The restaurant: Layla, Ladbroke Grove
Henrietta says: By day Layla is a delicious artisan bakery and, in the evenings, it runs a variety of intimate supper clubs with guest chefs. They also have pizza nights with organic wine (less hangovers!) which are so much fun.
We say: Taking a more mindful approach to your daily bread, Layla’s skilled bakers work with ancient techniques, wild grains and seasonal produce to create truly exceptional sourdough loaves, sandwiches and pastries. Its regular supper clubs are also not to be missed. Often showcasing the work of up-and-coming London chefs, expect anything from a journey through the culinary traditions of China to sustainable menus created using homegrown ingredients.

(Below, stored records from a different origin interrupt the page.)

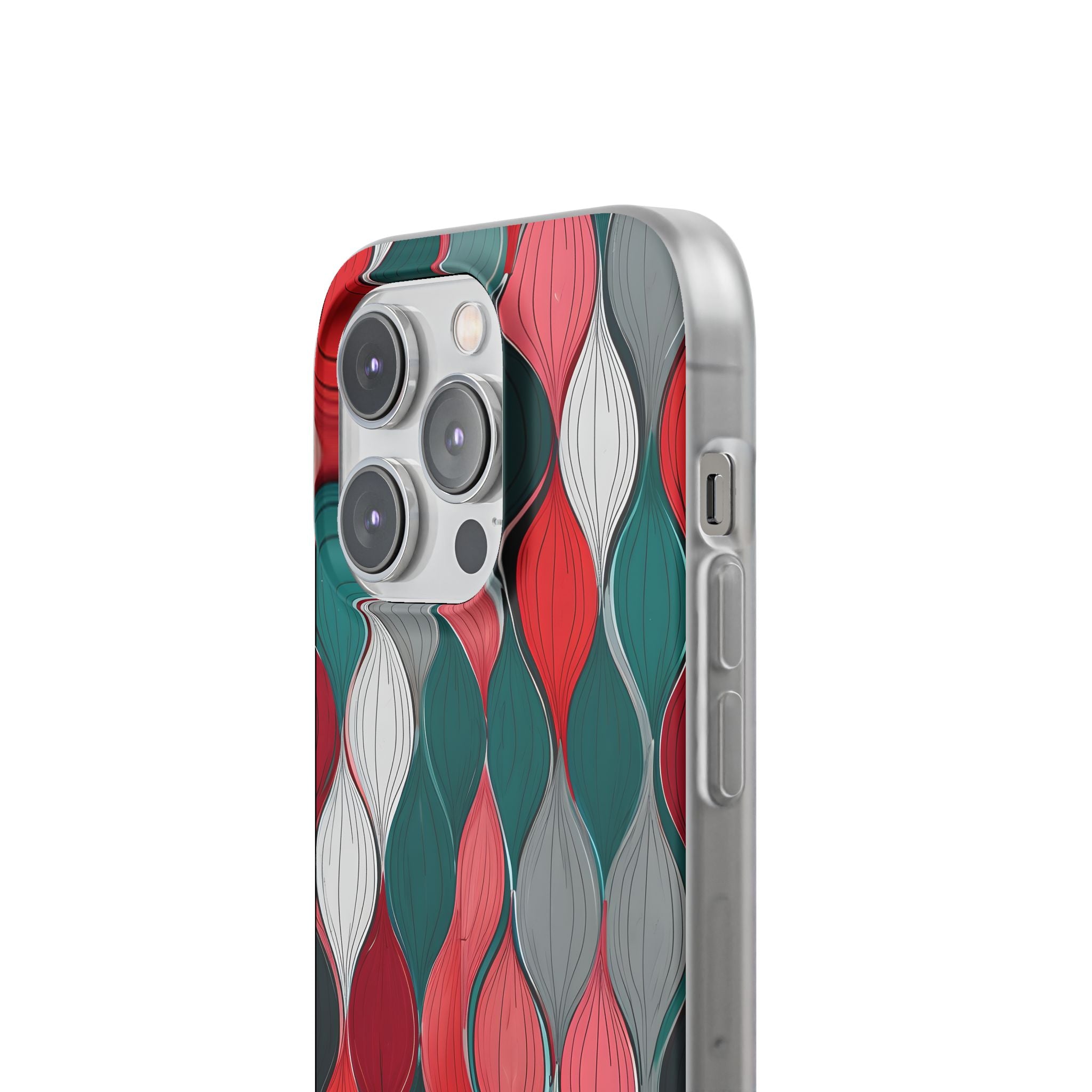 Slate Rose Ripple · Soft Phone Case for iPhone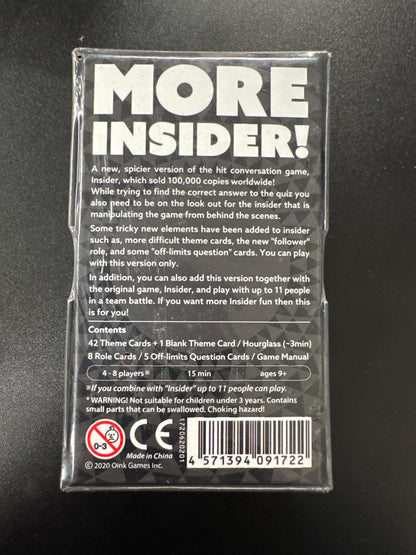 Insider Black - More Insider!
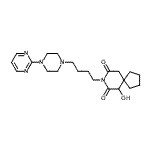 CAS#: 125481-61-0， 6-Hydroxy-8-{4-[4-(2-Pyrimidinyl)-1-Piperazinyl]Butyl}-8-Azaspiro[4.5]Decane-7,9-Dione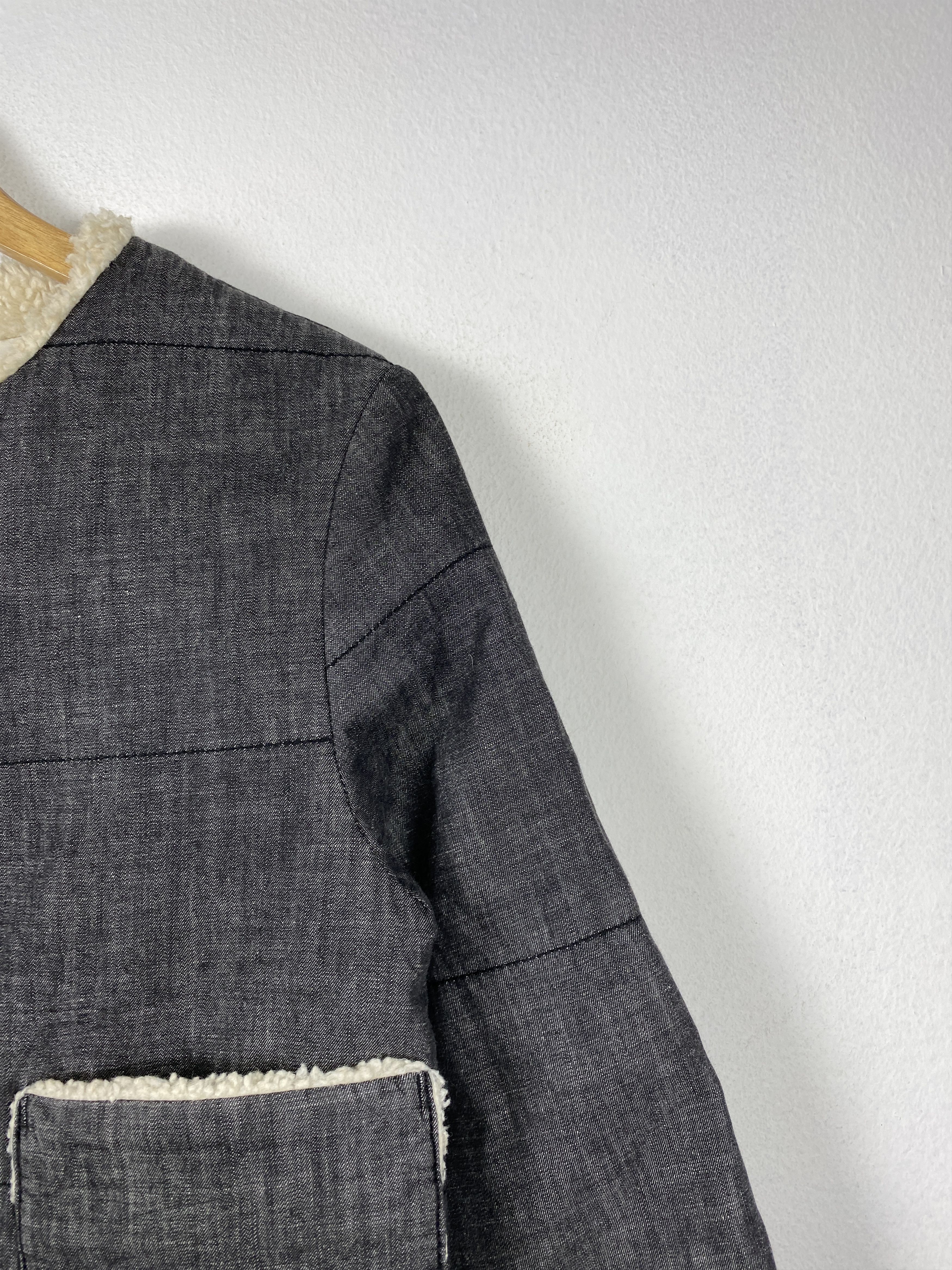 Japanese Brand Vintage The 1st Floor Puffer Button Up Long Jacket J1240 Size 3XL / US 20-22 - 3 Thumbnail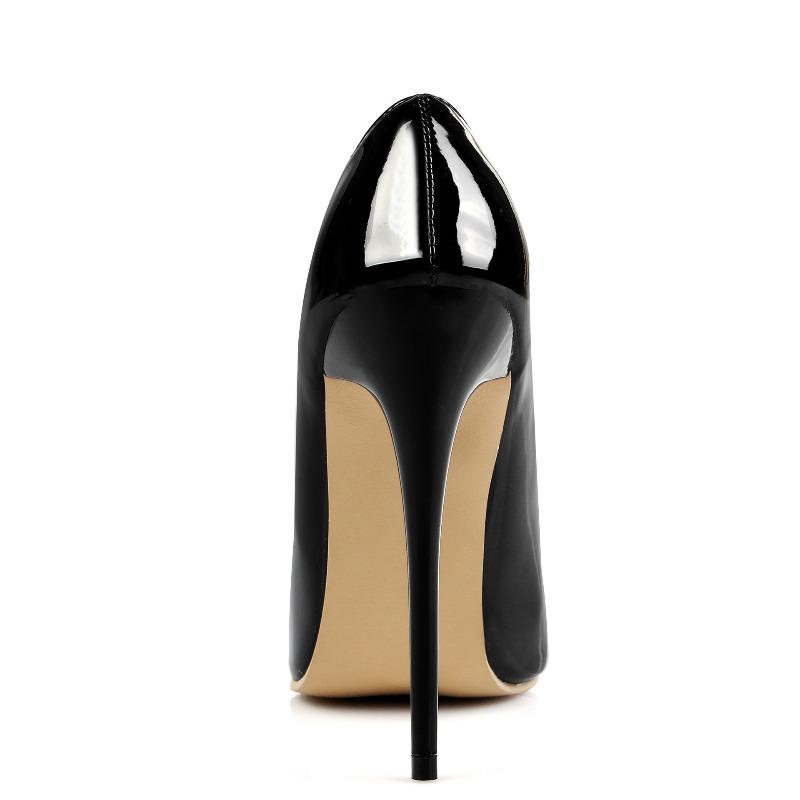 Black Solid Color Women's Shoes High Heels Single Shoe Table Sexy Thin Heel Pointed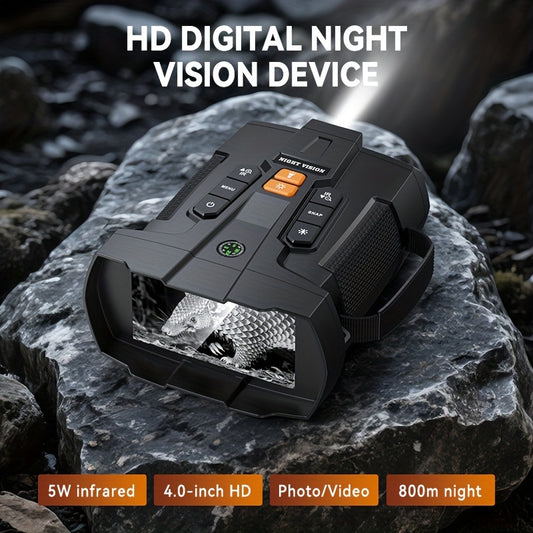 INSKAM Binocular Infrared Digital Night Vision Device, 4.5-Inch IPS Screen, 10X Digital Magnification, USB/ Battery Dual Power Supply, Portable Handheld Night Vision Device, Suitable for Outdoor Observation, Hiking, Camping,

The salon: Meraki Nail and Makeup Studio, Chiswick
Henrietta says: They do the best manicures and pedicures I’ve ever had!
We say: A classic beauty salon in every sense of the word, Meraki has resisted the urge to diversify into spa treatments, focusing instead on what it does best: really great manicures. Pop in for a lunchtime refresh or indulge in the full Meraki treatment, complete with hand scrub, paraffin wax and massage. Pedicures, waxing and eyelash tinting are also on the menu while a team of professional MUAs is also on hand to help you get ready for big events and special date nights.
The market: Chiswick High Road vintage fair
Henrietta says: This is an outdoor antique market that runs once a month. Whenever I go, I always find such great things, my house is filled with treasures I’ve sourced there.
We say: Heal’s is great and we would never dismiss the convenience of Amara but for really interesting and unique interior design finds, London’s network of markets is the place to turn. Bringing together more than 60 antique and vintage dealers on one Sunday every month, Chiswick High Road’s antique and vintage market promises an eclectic selection of objet d’art, furniture, home accessories and ephemera from a huge range of periods.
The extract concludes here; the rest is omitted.